What’s even more impressive? He did it with only one functioning lung due to a paralyzed diaphragm, the muscle below your lungs that allows you to breathe.
Diehl also experienced a stroke almost 20 years ago and is blind in one eye due to a detached retina. While he modified some parts of his life, the advocate for healthy living didn’t let the stroke and other adversities slow him down.
“What keeps me going all these years is the physical fitness and health that comes with swimming,” he said. “It’s a lifelong sport.”
Diehl, who learned to swim at age 14, swam for University of Maryland from 1960 to 1961 during his freshman and sophomore years. He finished college on a part-time basis so he could work to support his family.
After a 17-year break from competitive swimming he, with the help of former teammates, got into masters swimming and has been swimming competitively ever since.
Over the past four decades, Diehl has won multiple Maryland and Pennsylvania Senior Olympics (now called Senior Games) championships, placed eighth in the 1994 World Masters Championships, won the Senior Games National Championship for 50-meter backstroke and 50-yard backstroke in 1999 and 2007, respectively, and participated in nearly 50 international and U.S. Masters Swimming, National Senior Games and world championship swim meets.
“I’ve won over a hundred medals over the years but I gave most of them to my four grandkids,” Diehl said. “Now that they’re older, they said they want to win some of their own.”
He’s also served as a regional and national leader for masters swimming programs, a past president and the executive director (named emeritus) of the M Club Foundation for 13 years and an inspiration for fellow Terps.
Diehl still keeps in touch with and even competes with and against former University of Maryland swimmers. During the recent long course national championships, Diehl, Ray Ascherfeld ‘59 (a member of the first UMD swim team in 1955) and Lorie Hug (a member of the first women’s UMD swim team), won a total of 15 medals. In the short course nationals in August, five former UMD swimmers competed with Diehl: Ascherfeld, Hug, Charlie Hoffman (former UMD swim coach), Buster Yonych, and Chuck Burke.
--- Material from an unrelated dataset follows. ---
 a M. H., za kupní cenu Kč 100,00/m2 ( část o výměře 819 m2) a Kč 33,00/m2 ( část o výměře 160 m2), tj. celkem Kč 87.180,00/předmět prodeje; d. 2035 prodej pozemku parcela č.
In addition to swimming, Diehl said he enjoys coaching and officiating, which he has done for over 25 years. He coaches swimmers of all ages and currently teaches a low-impact dry land and water fitness class for people in their 60s, 70s, 80s and 90s in Gettysburg, Pa.
“My statement to them is, ‘I want to give you a better quality of life,’” he said. “That's what swimming and being physically fit does. It gives you a better quality of life.”